## Source data
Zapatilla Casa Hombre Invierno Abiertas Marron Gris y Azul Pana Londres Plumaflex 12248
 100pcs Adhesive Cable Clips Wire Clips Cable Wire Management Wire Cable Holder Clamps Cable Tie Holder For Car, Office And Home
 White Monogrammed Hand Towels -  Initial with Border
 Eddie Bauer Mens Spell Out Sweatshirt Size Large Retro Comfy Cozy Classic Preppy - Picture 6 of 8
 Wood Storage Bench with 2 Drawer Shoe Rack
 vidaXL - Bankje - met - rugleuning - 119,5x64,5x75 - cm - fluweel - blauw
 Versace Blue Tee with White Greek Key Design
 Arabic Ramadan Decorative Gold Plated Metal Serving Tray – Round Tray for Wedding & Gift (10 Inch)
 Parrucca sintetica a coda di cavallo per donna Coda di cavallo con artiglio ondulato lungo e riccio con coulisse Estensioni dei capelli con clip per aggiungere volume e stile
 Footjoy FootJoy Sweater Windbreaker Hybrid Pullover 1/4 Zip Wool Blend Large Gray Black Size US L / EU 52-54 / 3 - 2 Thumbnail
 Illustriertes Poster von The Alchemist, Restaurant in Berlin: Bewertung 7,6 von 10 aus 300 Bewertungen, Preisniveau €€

## Task
Copy each entry above exactly, leaving nothing out.

## Problem solution
Zapatilla Casa Hombre Invierno Abiertas Marron Gris y Azul Pana Londres Plumaflex 12248
 100pcs Adhesive Cable Clips Wire Clips Cable Wire Management Wire Cable Holder Clamps Cable Tie Holder For Car, Office And Home
 White Monogrammed Hand Towels -  Initial with Border
 Eddie Bauer Mens Spell Out Sweatshirt Size Large Retro Comfy Cozy Classic Preppy - Picture 6 of 8
 Wood Storage Bench with 2 Drawer Shoe Rack
 vidaXL - Bankje - met - rugleuning - 119,5x64,5x75 - cm - fluweel - blauw
 Versace Blue Tee with White Greek Key Design
 Arabic Ramadan Decorative Gold Plated Metal Serving Tray – Round Tray for Wedding & Gift (10 Inch)
 Parrucca sintetica a coda di cavallo per donna Coda di cavallo con artiglio ondulato lungo e riccio con coulisse Estensioni dei capelli con clip per aggiungere volume e stile
 Footjoy FootJoy Sweater Windbreaker Hybrid Pullover 1/4 Zip Wool Blend Large Gray Black Size US L / EU 52-54 / 3 - 2 Thumbnail
 Illustriertes Poster von The Alchemist, Restaurant in Berlin: Bewertung 7,6 von 10 aus 300 Bewertungen, Preisniveau €€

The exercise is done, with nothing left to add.